How to Build a Grid

SURA Cyberinfrastructure Workshop: Grid Application Planning & Implementation

January 5 – 7, 2005, Georgia State University

Notes from breakout sessions on: How to Build a Grid/Different Grid Technologies (January 7, a.m.)

Facilitated by: Phil Emer, MCNC

Scribe: Mary Trauner, Georgia Institute of Technology

A number of key questions were posed throughout the breakout session. The following notes are organized by question coupled with the discussion that took place for each.

A grid can be considered as an access method or platform.

1) What are considered reasonable platforms for compute and storage?

· Anything with a power supply?

· Anything in a controlled environment?

· Anything in a controlled lab?

· State-wide resources

Phil stated that at MCNC, the decision was:

· Not a desktop

· Something in a controlled environment

· Something that peers across universities had built in a consistent manner.

Amy Apon (U of Arkansas) worked with students to build an X-Grid (Apple) that included some Linux systems. This led to a course on building grids and tools for the grids.

2) Is anyone considering grids as a way to harness unused cycles and/or to avoid a [HPC] purchase?

One person has done so with Avaki; they are currently looking at United Devices. The Avaki grid has paid off.

· Now Avaki software is basically free to universities

· Support for it is [the fee for support] is reasonable.

3) What middleware is reasonable?

4) What manpower is needed?

5) Should grids support heterogeneity?

If you support multiple sites, campuses, virtual organizations, it [heterogeneity] will happen. For example, MCNC supports a grid comprised of:

· Duke: Linux with Sun Grid Engine and Ethernet

· NC State: A Sun SMP with Grid Engine

· UNC: Linux with Myrnet and LSF

6) Does Globus work in a heterogeneous environment?

One site has implemented this at GT2. There is uncertainty and concern about the next version since it uses web services. Some in the group were uncertain if this was a step forward.

NMI provided a stable stack. Now there is a bifurcation of those building infrastructures from those at virtual organizations based on the application interfaces. Where do those interfaces tie in? At this stage, end users present an application to their infrastructure people for a grid solution.

7) Who has built a grid?

Jorg Schwarz (Sun) responded from two perspectives:

Within an institution, you just need:

· Resource manager

· Directory structure (LDAP, Punch, etc.)

· Accounting

Across universities, add:

· GT2

· A portal

· A command line interface

8) Is a grid an HPC solution or a network piece?

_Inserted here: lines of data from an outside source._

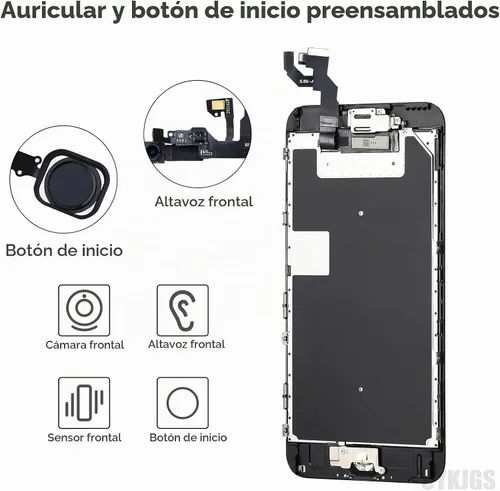 Vista 3 de para iPhone 6S Plus Reemplazo de pantalla de 5.5 pulgadas con botón de inicio, 6splus negro pantalla LCD digitalizador táctil 3D montaje completo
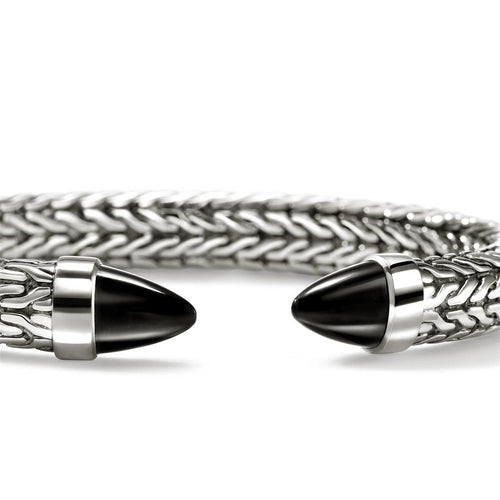 John Hardy Sterling Silver Spear 50 Flex Black Onyx Cuff Bracelet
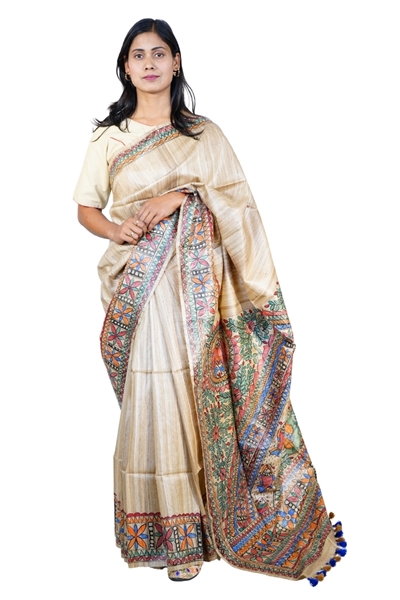 Picture of Hand Woven Silk Saree with  hand-painted Madhubani artwork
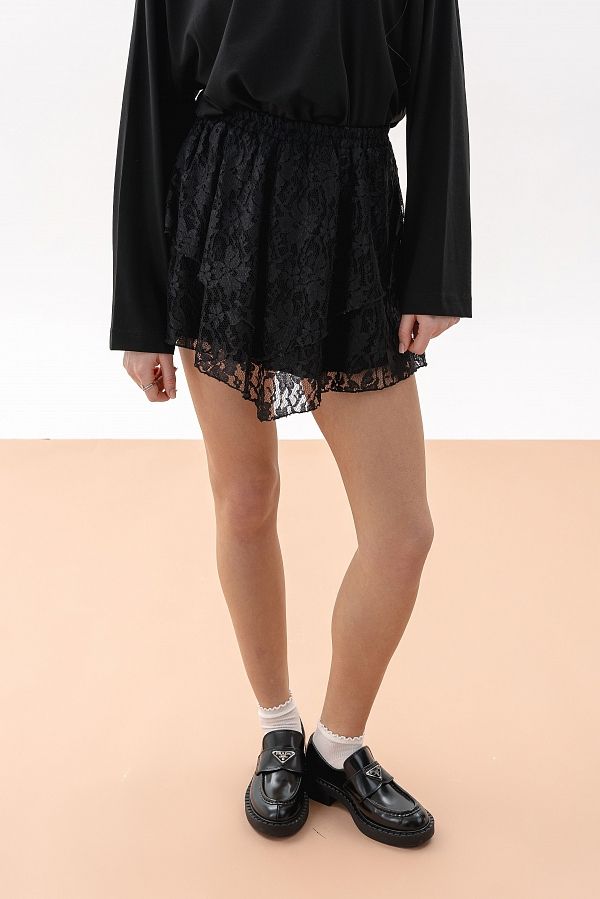 Spódnica z koronką czarna  kor25/03 #RU#  kor25/03 № 3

Several responded that they considered it as HPC. One person commented that he considered it HPC because it appeared to be an outgrowth from the NSF centers on how to do research.

We discussed the terms Grid versus grid (big versus little “g”.) What must a network provider provide for a grid beyond what an ISP might provide?

· Earlier availability

· Something only a university will consume

· A grid gateway

· Beyond bandwidth

o Network to compute

o An access tier to resources

Application specific grids tend to want a portal (veneer) whereas general grid users tend to prefer lower level access like command line interfaces.

This launched into a discussion of “point of view”. Utility and presentation become important based on point of view when deciding access methods.

An exampled posed was a backup service. This still leverages middleware, but the use of a backup service is more “grid” than “Grid”.

9) How does one build a grid file system or data grid while immersed in an AFS solution?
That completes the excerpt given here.